I don't know if this is the same mom. Will ask Martha and let you know.

Charlotte
(MotherHen)
Wilson & Rocky


----------



## Karen519 (Aug 21, 2006)

*Bump*

Bumping

MotherHen

Did you contact Greg(sundevil)?


----------



## Karen519 (Aug 21, 2006)

*MotherHen*

Can you email me about this pregnant mom and where she is and what rescue she is going to and I will send to a few people in Alabama, Louisiana.

[email protected]


----------



## Looni2ns (Mar 26, 2010)

I'm in ATL, and can help. Can't go the entire way, but would certainly be happy to assist w/final leg to ATL, and deliver her to Lexie. PM w/my contact info is on the way.


----------



## MotherHen (Jul 7, 2007)

Looni2ns said:


> I'm in ATL, and can help. Can't go the entire way, but would certainly be happy to assist w/final leg to ATL, and deliver her to Lexie. PM w/my contact info is on the way.


Thanks Looni2ns....I will let you know more as soon as Martha from J&L gives me a call this morning.

Charlotte
(MotherHen)
Wilson & Rocky


----------



## Looni2ns (Mar 26, 2010)

Well, can't send PM since I don't have enough posts. So, give me a call. I'm available after 6p today, or all weekend to assist with transport into ATL, and delivery to Lexie.
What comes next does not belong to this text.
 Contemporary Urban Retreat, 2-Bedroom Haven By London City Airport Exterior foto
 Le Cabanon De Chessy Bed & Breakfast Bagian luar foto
Say B'ham to ATL? Have crate, etc.

Seven seven O, three 29, 7 five three two is my call #. Office is 4 O four, five 7 two, two oh nine six.


----------



## Karen519 (Aug 21, 2006)

*Looni*

Looni

I emld. your post to Charlotte.

If you want to email me your phone # I will email Charlotte (MotherHen)

Karen
[email protected]


----------



## Karen519 (Aug 21, 2006)

*Update*

I am posting this for Charlotte (Motherhen) she's at work and can't post on here:

Karen, thanks for cross posting this out....just heard from Martha....Lexie can't take the mommy dog*...the Houston GRR will now be taking her.* 
Can you please post this out to the Golden Retriever forum for me....I'm at work and this work computer will not let me get on there.
*
Thanks everyone...the mommy dog will now have a safe place to have her puppies and will we taken care of....* 
Charlotte
(MotherHen)


----------



## Looni2ns (Mar 26, 2010)

Great news! She'll be safe, and it's a shorter trip to Houston for a pregnant lady.


----------



## Karen519 (Aug 21, 2006)

*Thank you!!*

*Thank you for being so willing to help, Looni2ns,
and Thank You to Houston Golden Ret. Rescue, for taking this pregnant Golden Retriever in!!!!*


----------